Beginning in the garden, shades of green porcelain tile form the pool deck and backdrop for outdoor living. The faux wood grain pattern brings a pop art quality and sense of humor for the decking, creating a focal point linking interior and exterior space. Glass tile selected for the powder bath is aptly named cloud, turned vertically it echo’s the lines of the mirror and window in the room. The two guest baths feature handmade American tile from Clayhaus, pairing the same colors of wheatgrass, brine, splash and milk – in different textures. The Master bath features a wall of 1”x1” blended mosaic glass combined with walls of 3”x6” glass tile which enhance the effect of a sunny light filled space.

The challenge with the tile design and installation for this home centered around the planning and precession required for everything to line up but appear effortlessly simple as part of the modern design. The tile and grout patterns were drawn to scale in Revit / BIM software along with accurate models of all the vanities and plumbing components. Accent bands needed to line up perfectly with the top edge of the vanity countertop. In the Master, wall mounted double faucets each needed to align perfectly with the intersections in the 3”x6” glass tile. Actuator plates for wall-mounted toilets were integrated to align with accent bands in the bathrooms. Other elements such as tile niches, even window and mirror placements were designed to avoid cut tiles and planned in advance, and coordinated in the field through the design-build process. The use of tile contributed greatly to the design of the home – creating a modern home that feels like home.

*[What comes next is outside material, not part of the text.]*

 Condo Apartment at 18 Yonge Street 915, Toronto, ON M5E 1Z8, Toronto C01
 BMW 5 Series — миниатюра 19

Sustainability was a key factor in the design of the home. Undergoing LEED certification, sustainable features include thermally broken Low E insulated windows, a high efficiency AC system, high performance insulation, low flow plumbing fixtures, energy star appliances, and drought tolerant landscaping. The home also features a solar array which provides over 30% of the energy for the home. As a two-story house it emphasizes horizontality keeping the home to a livable human scale. This configuration also maximizes the use of natural light through the space particularly from the northern façade, an advantage in the Houston climate. Long-term durability, ease of maintenance, and appropriate use of materials is a key factor in sustainability, leading to the selection of the tile materials. The tile also helped achieve the low VOC and indoor air quality goals.

Coverings has helped us connect with industry professionals and give us additional perspective. Our recommendation to those attending the show in Chicago is to save time to walk the show floor and attend some conference sessions.

Intexure receives Duravit’s Dream Bath Design Award

Darren Kincaid - Wednesday, October 07, 2015

Intexure was thrilled to receive Duravit’s Dream Bath Design Award for built projects. The award was for Tripartite house which featured Duravit products used in creative ways. For example in order to keep cohesive finishes through the bedroom and closet which open to the bath, duravit furniture products extended to those areas. The spa-like bath design also embraces the exterior through carefully controlled views. Another feature used in the house are Duravit’s sensowash toilets which have the bidet function integrated in a sleek design. It’s a great way for adding functionally to the bath without compromising space or design. We are also fans of the duravit vanities with integrated sinks and used those in the secondary baths. The sink acts as countertop for a design that is easy to maintain. We are thrilled to be chosen for this distinctive award.